- Materials provided -
########################################

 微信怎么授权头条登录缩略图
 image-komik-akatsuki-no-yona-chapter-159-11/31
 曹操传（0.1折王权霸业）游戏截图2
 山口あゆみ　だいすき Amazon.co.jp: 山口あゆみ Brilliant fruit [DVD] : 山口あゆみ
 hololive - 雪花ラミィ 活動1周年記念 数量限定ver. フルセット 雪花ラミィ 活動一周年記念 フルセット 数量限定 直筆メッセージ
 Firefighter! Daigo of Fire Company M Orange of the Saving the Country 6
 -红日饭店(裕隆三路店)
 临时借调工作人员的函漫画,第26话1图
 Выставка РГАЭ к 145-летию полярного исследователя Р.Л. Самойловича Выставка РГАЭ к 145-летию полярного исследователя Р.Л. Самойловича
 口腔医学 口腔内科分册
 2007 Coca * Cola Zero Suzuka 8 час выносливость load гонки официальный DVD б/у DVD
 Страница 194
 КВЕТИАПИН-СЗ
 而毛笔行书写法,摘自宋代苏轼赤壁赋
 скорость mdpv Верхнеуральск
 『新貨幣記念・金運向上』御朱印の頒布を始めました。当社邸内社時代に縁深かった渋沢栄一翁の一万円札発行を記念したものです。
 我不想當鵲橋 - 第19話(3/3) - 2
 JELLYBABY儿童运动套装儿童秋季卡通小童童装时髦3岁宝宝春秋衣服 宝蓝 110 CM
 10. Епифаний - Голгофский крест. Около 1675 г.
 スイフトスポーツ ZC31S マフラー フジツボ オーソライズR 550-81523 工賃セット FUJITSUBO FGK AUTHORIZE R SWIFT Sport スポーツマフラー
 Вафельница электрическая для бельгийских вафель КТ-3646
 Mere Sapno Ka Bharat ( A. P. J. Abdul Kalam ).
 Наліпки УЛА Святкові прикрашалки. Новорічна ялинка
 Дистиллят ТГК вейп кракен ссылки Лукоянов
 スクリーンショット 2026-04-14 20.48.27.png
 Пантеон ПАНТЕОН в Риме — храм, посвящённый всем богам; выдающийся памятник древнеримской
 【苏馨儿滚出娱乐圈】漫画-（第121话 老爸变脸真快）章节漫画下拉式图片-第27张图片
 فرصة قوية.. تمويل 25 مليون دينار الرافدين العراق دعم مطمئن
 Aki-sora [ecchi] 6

########################################

- Assigned task -
Nothing but the lines from the one with "Mere Sapno Ka" through the final line of the data belongs in the answer, and they must match exactly.

- Solution for this exercise -
 Mere Sapno Ka Bharat ( A. P. J. Abdul Kalam ).
 Наліпки УЛА Святкові прикрашалки. Новорічна ялинка
 Дистиллят ТГК вейп кракен ссылки Лукоянов
 スクリーンショット 2026-04-14 20.48.27.png
 Пантеон ПАНТЕОН в Риме — храм, посвящённый всем богам; выдающийся памятник древнеримской
 【苏馨儿滚出娱乐圈】漫画-（第121话 老爸变脸真快）章节漫画下拉式图片-第27张图片
 فرصة قوية.. تمويل 25 مليون دينار الرافدين العراق دعم مطمئن
 Aki-sora [ecchi] 6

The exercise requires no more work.